The yellow bus picks up less mobile people who live a long way from main transport routes. A ramp enables easy access for people unable to cope with the steps on conventional buses.

The 812 Plus Bus route stops at Chapel Market, Angel, and the day centre for the elderly at Peel Institute, in Percy Circus, Clerkenwell.

Disabled Linda Grace, 61, of Agdon Street, Clerkenwell, said: “I use Plus Bus for my shopping – it’s the only time I go out. I won’t be able to get out if it goes.”

An 85-year-old who got on after visiting the Peel day centre said: “I don’t want to have to walk all the way up to Pentonville Road from Percy Circus. It’s a rotten great hill.   

“I go to the centre every day at the moment. But I don’t think I’ll be coming too many times in the future.”

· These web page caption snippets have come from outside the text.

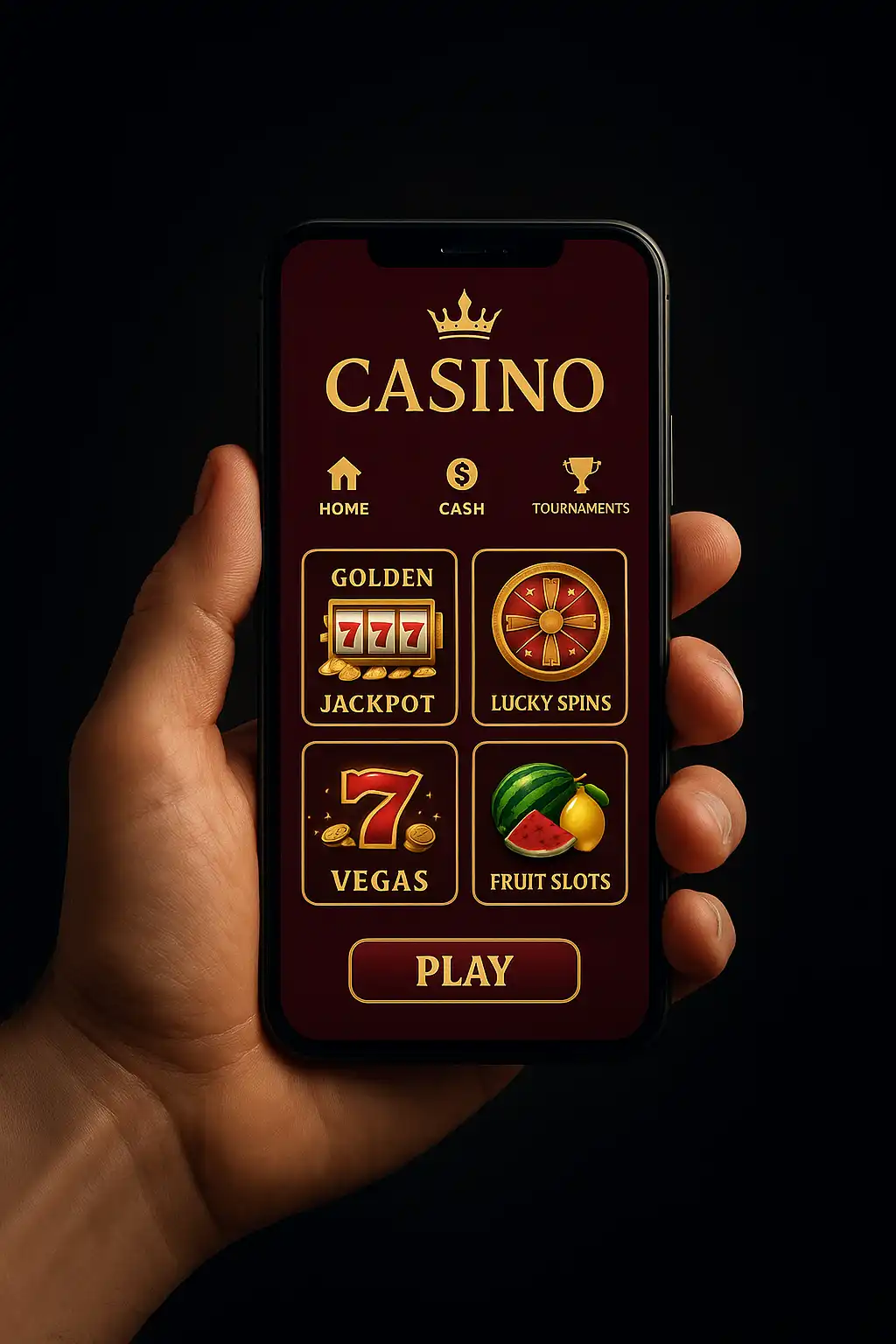 Aplikacja mobilna CrazyTower Kasyno wyświetlona na smartfonie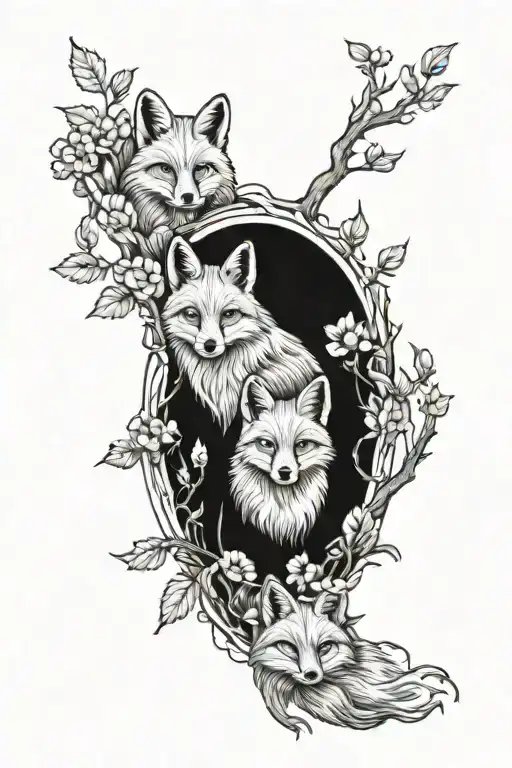 Fox Family Forrest Themed Half Sleeve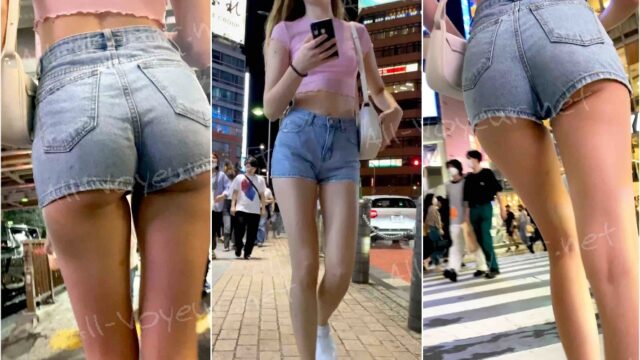 【再販】金髪美女の生足デニムショーツ
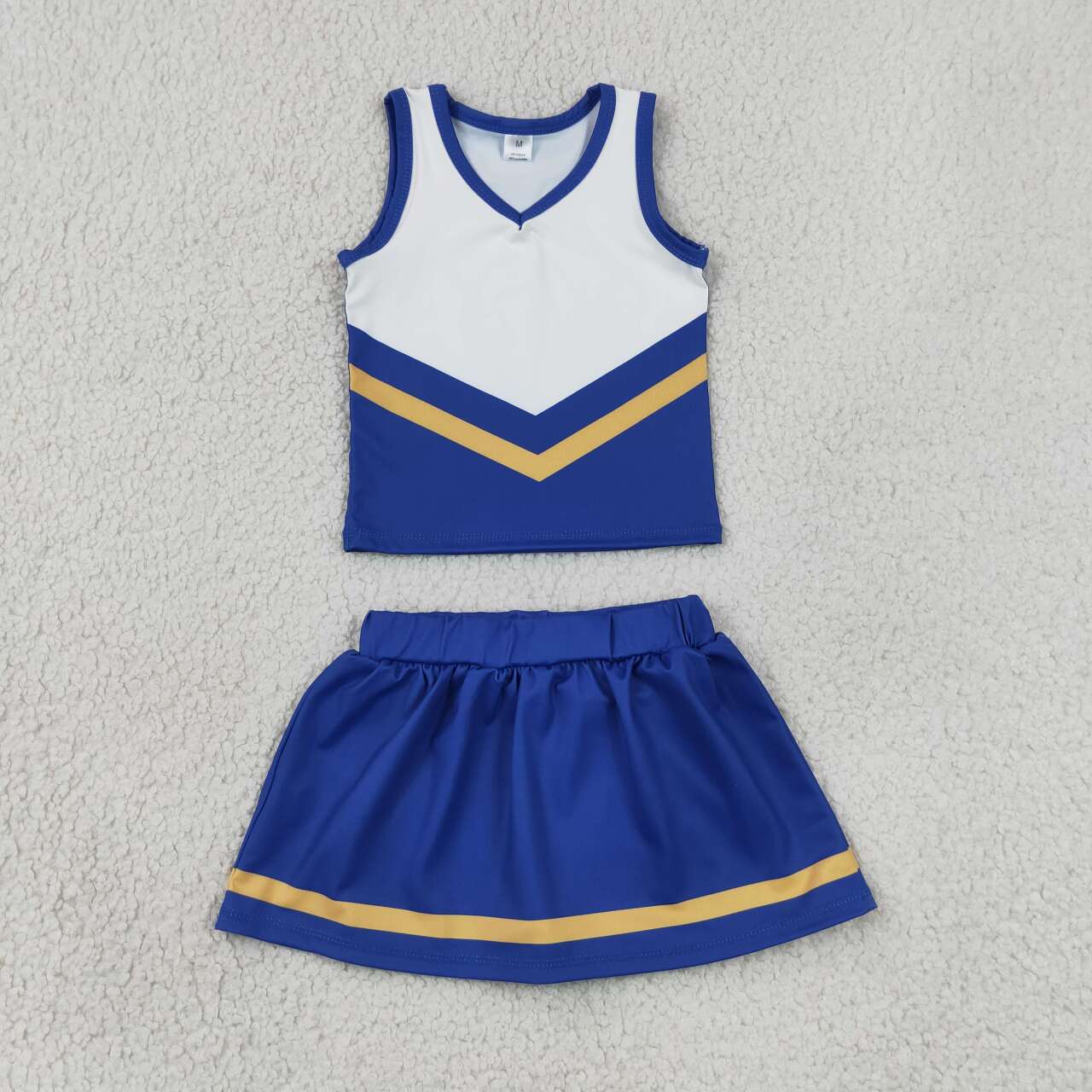RTS NO MOQ Sibling yoga fabric Baby Girls Cute Stripe Tank Top Skort Team Active Set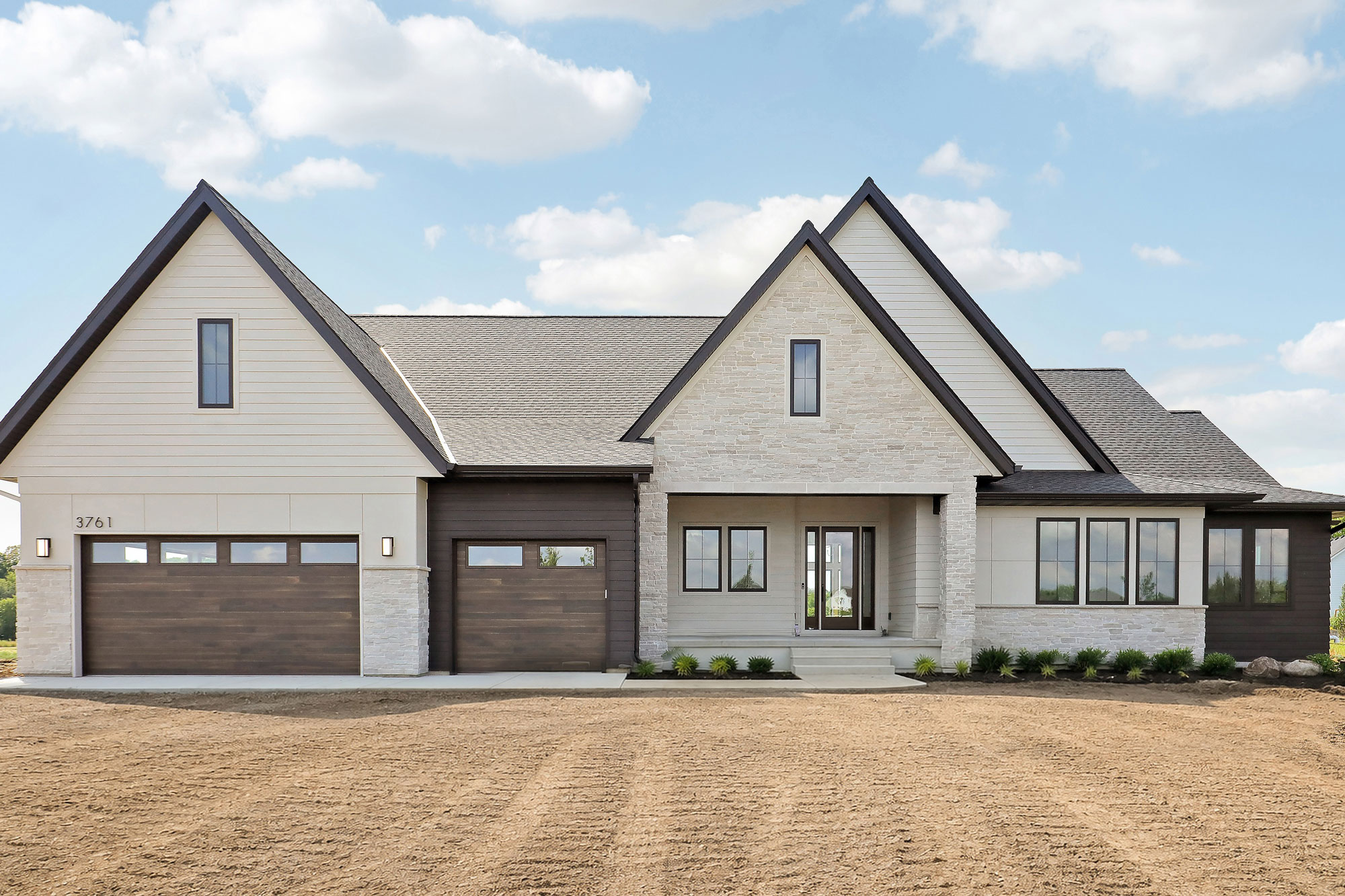 Front view of a newly constructed house. 3761 William Way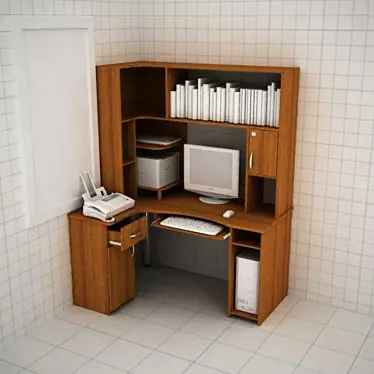 Minimalist Wooden Computer Desk 3D model image 1 
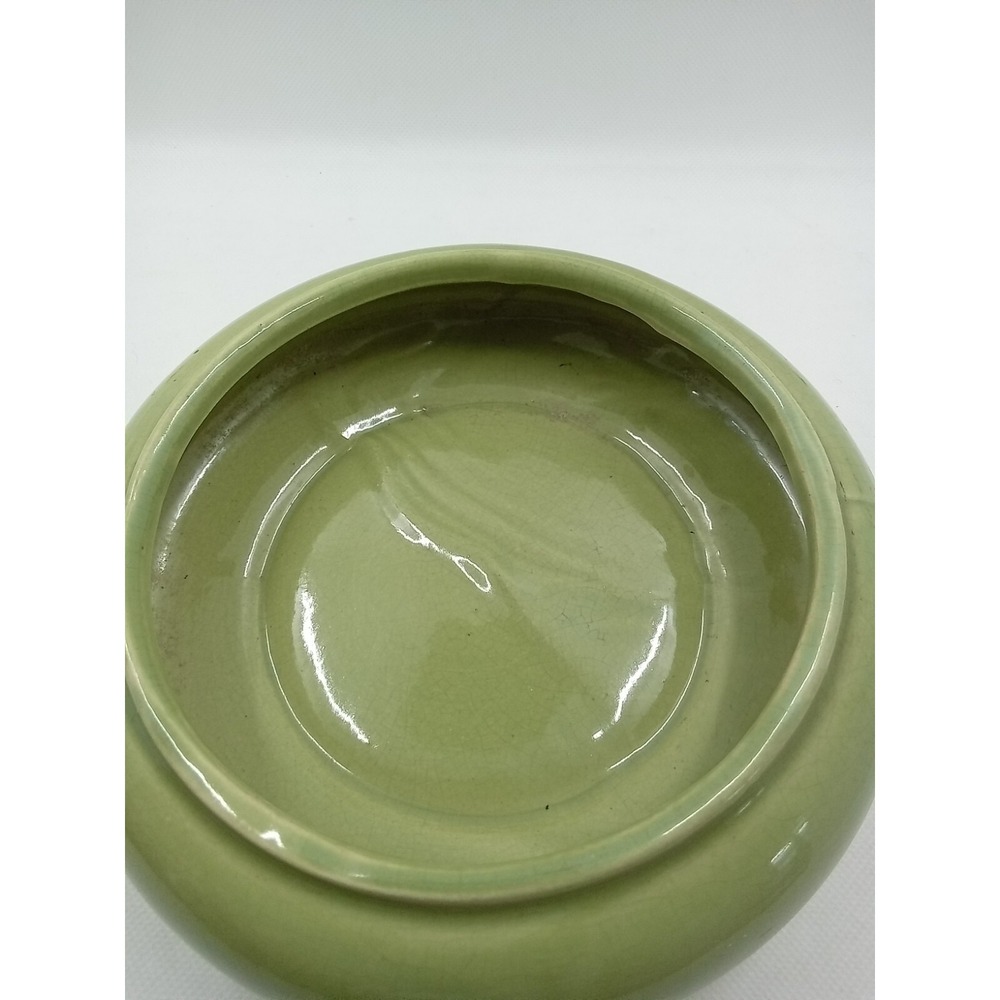 Robinson Ransbottom RRP Co Roseville Ohio Green Ceramic Nuts Bowl Dish Vintage 7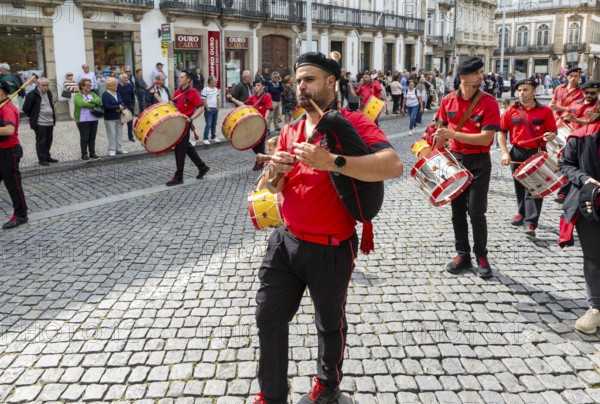 Political rally and march for May Day in city of Guimaraes, Braga district, northern Portugal, Europe - 1st May 2025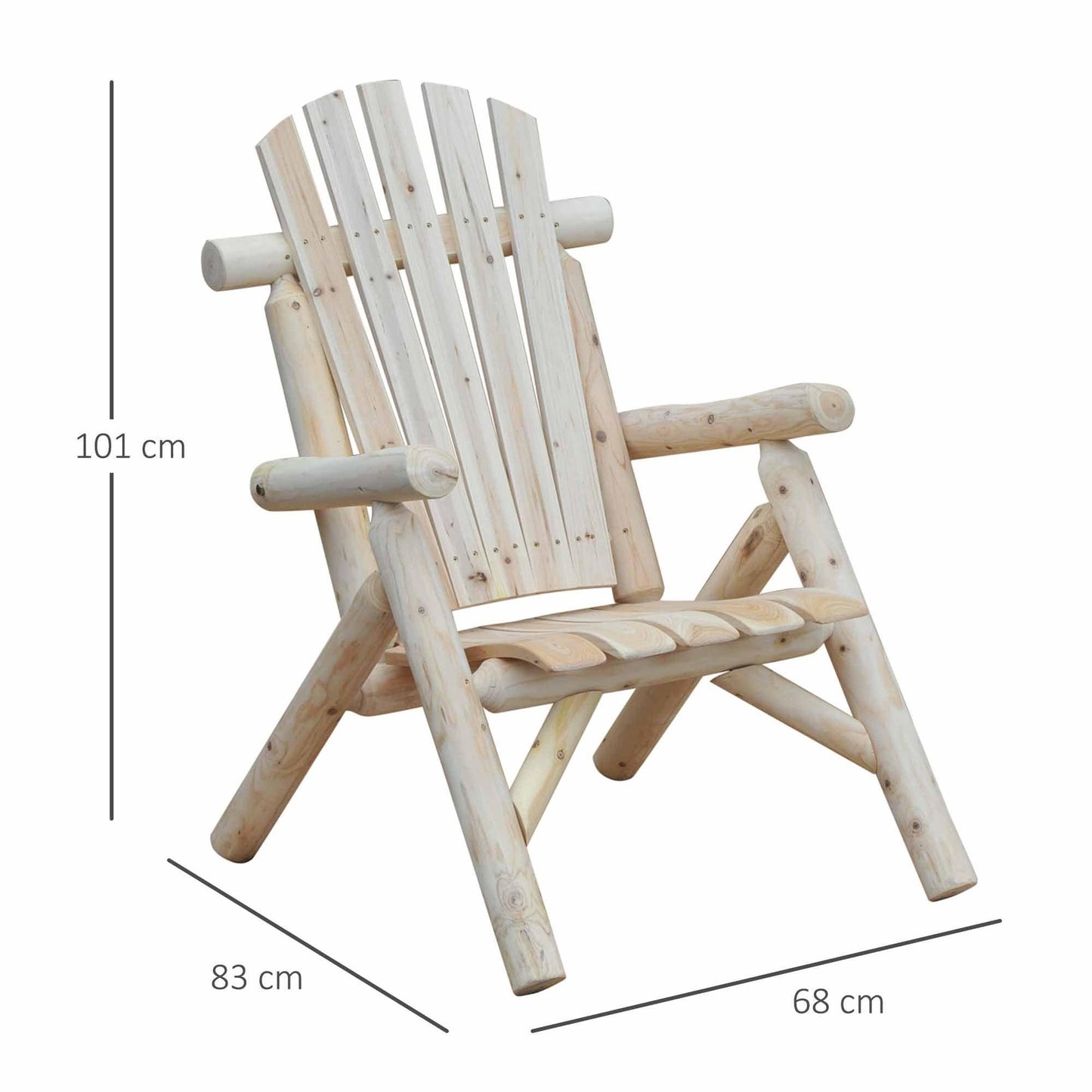 Outsunny Outdoor Lounge Chair, Natural Wood - ALL4U RETAILER LTD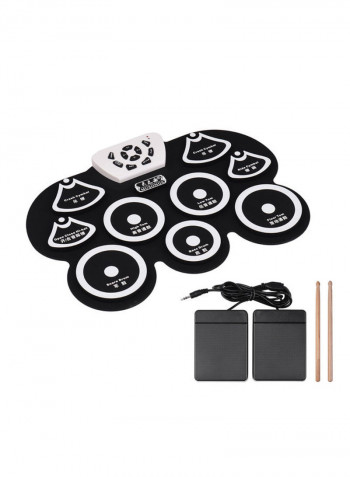 Electronic Drum Pad Kit with Stick and Foot Pedal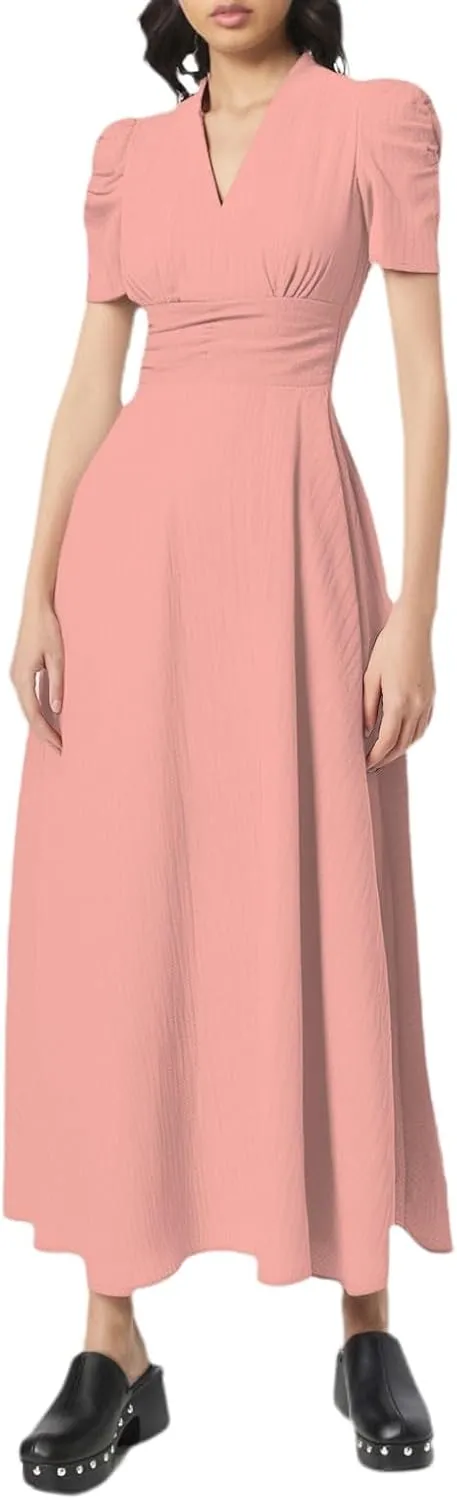 Women's Short Flutter Sleeve Dress High Waist V Neck Puff Sleeve Wedding Guest Pleated Formal Evening Maxi Dresses
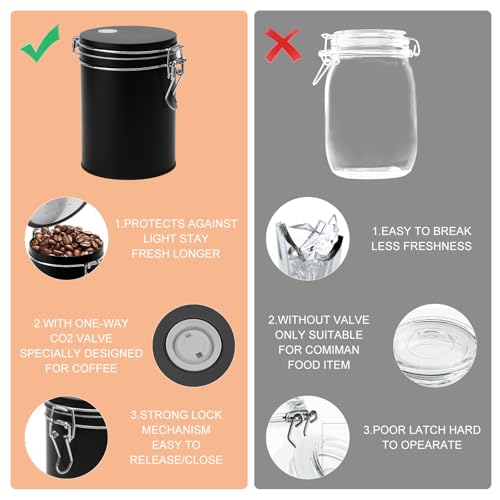 CXWFLM Kaffeedose Edelstahl Luftdicht mit Ventil – Vakuum Kaffeebehälter Schwarz für Frischhaltung – Aromaschutz Vorratsdose mit Deckel für Kaffeebohnen Pulver Tee Nüsse Aufbewahrung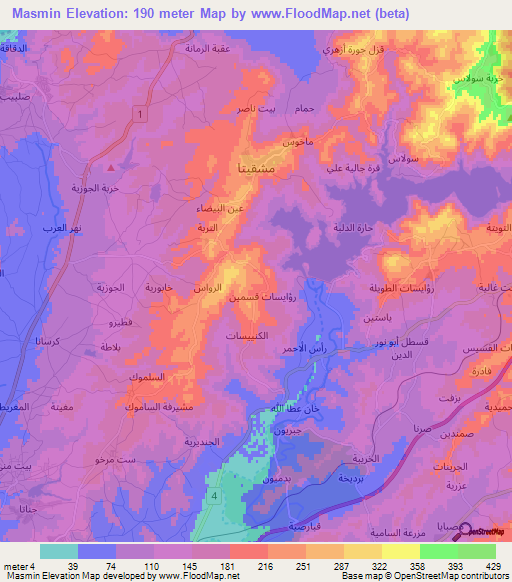 Masmin,Syria Elevation Map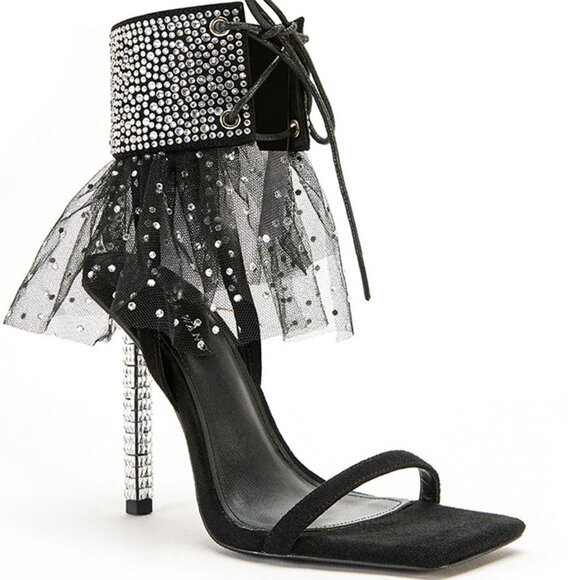 AZALEA WANG  " THE WHISTLE  BELL BLACK TIE " CRYSTAL STILETTO SANDAL(BRAND NEW ! - Picture 1 of 6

The pensioner, who declined to give her name, added: “Without these buses people who go to the Peel Centre won’t be able to get there. They won’t be able to have lunches, nothing.”

The future of the Plus Bus was thrown into doubt when Islington Council withdrew a £140,000 grant.

The borough then failed in a plea to Transport for London to replace the funding.

The Plus Bus service is run by Hackney Community Transport (HCT), a social enterprise which operates routes for less mobile people throughout the UK with grants from public bodies and subsidies from its own commercial activities.

HCT put up £70,000 annually for the Plus Bus along with the axed £140,000 grant.

A council statement said: “The bus service will now be decommissioned, with the final service expected to run in June.”

But on Wednesday a spokesman for HCT insisted: “The company is not able to comment publicly because no decision has been made.”

Ruling Labour councillors cut the grant after the coalition government withdrew £40million from the borough budget. Labour environment chief Councillor Paul Smith said: “Everyone here feels deeply for Plus Bus users but we’re already having to make massive budget savings this year so we can’t fund the service with taxpayers’ money.”

Opposition Lib Dems have called for the axing of services such as free school meals for primary pupils to save the Plus Bus.